The England manager had an idea in his head as he took the train to the Target Center where the Timberwolves play - he wanted to talk to the team's owner Glen Taylor about how the NBA club operates but he also wanted to see, out on the basketball court, where it is five versus five, how players find space, and also the tactics that were being used to block off opponents in tight areas. A bit like, in fact, how footballers deal with corners and free-kicks.
Fast forward to last Sunday and observe how Ashley Young subtly, legally but clearly blocked off Michael Murrillo, the Panama defender whose duty it was to mark John Stones while his team-mates grappled with Harry Kane and Harry Maguire. Stones ran free and headed home Kieran Trippier's eighth minute corner in Nizhny Novgorod to set England on the way to their 6-1 victory.
Maybe it was a coincidence. But Southgate, his assistant Steve Holland and strikers coach Allan Russell have worked hard on England's set-piece routines at this World Cup. On match days the players even walk through the various scenarios and it seems highly unlikely that Southgate has not adopted some of the techniques he saw that night in Minneapolis.

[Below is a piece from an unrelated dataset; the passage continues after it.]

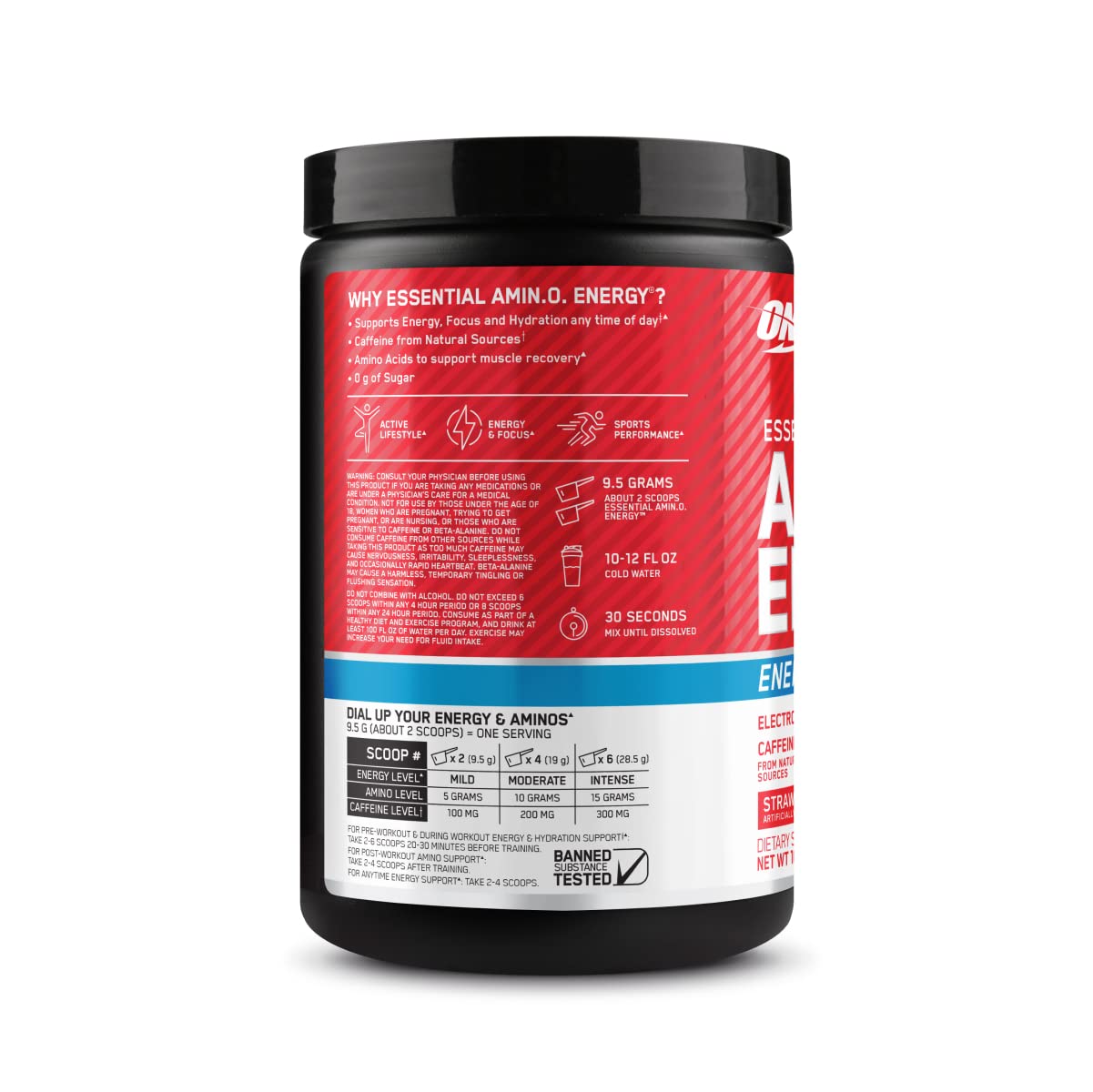 Optimum Nutrition Amino Energy Plus Electrolytes - Bebida energética con aminoácidos y electrolitos, hidratación, sin azúcar, sabor a fresa, 10.5 onzas (30 porciones), rosa (el embalaje puede variar)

More than any other England manager Southgate has deliberately gathered information from other sports - tactical, technical but also psychological - and applied them to football. That is from NBA and American football, where he has visited the Seattle Seahawks, New England Patriots and Minnesota Vikings, but also rugby union, cricket, athletics, boxing, swimming and even canoe slalom and short-track speed skating where Holland has spoken to Nicky Gooch, the coach of the Olympian Elise Christie.